Monday, October 12, 2015

"All of us are linked by unseen bonds": Laudato Si', 89-95

In the excerpts that follow, Francis covers two topics: (a) the universal communion that exists (or should exist) among all creatures, including both men and the entire natural world; and (b) the Catholic understanding of private property, which must always be a form of stewardship oriented to the universal common good. Enjoy!


89. The created things of this world are not free of ownership: "For they are yours, O Lord..." (Wis 11:26). This is the basis of our conviction that, as part of the universe, called into being by one Father, all of us are linked by unseen bonds and together form a kind of universal family, a sublime communion which fills us with a sacred, affectionate and humble respect....
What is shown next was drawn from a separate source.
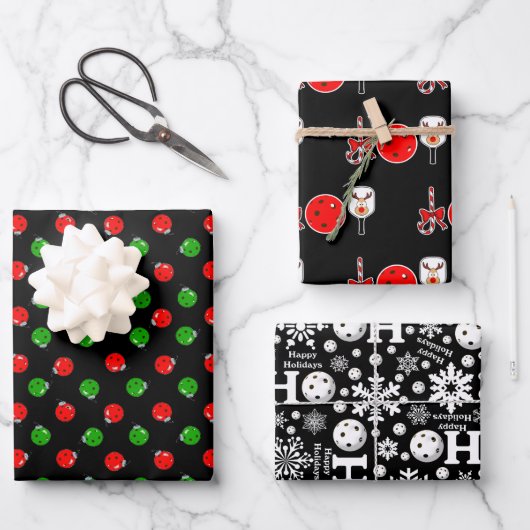 ピックボール喜びクリスマスギフトレッドグリーンブラック ラッピングペーパーシート (正面)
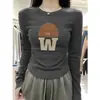 Camiseta Básica Derong para Mujer 2024 Nuevo Otoño e Invierno Cepillada Engrosada Ajustada Manga Larga Derecha Camiseta Top Corto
90. This is not to put all living beings on the same level nor to deprive human beings of their unique worth and the tremendous responsibility it entails. Nor does it imply a divinization of the earth which would prevent us from working on it and protecting it in its fragility.... At times we see an obsession with denying any pre-eminence to the human person; more zeal is shown in protecting other species than in defending the dignity which all human beings share in equal measure. Certainly, we should be concerned lest other living beings be treated irresponsibly. But we should be particularly indignant at the enormous inequalities in our midst.... We fail to see that some are mired in desperate and degrading poverty, with no way out, while others have not the faintest idea of what to do with their possessions, vainly showing off their supposed superiority and leaving behind them so much waste which, if it were the case everywhere, would destroy the planet. In practice, we continue to tolerate that some consider themselves more human than others, as if they had been born with greater rights.

91. A sense of deep communion with the rest of nature cannot be real if our hearts lack tenderness, compassion and concern for our fellow human beings. It is clearly inconsistent to combat trafficking in endangered species while remaining completely indifferent to human trafficking, unconcerned about the poor, or undertaking to destroy another human being deemed unwanted....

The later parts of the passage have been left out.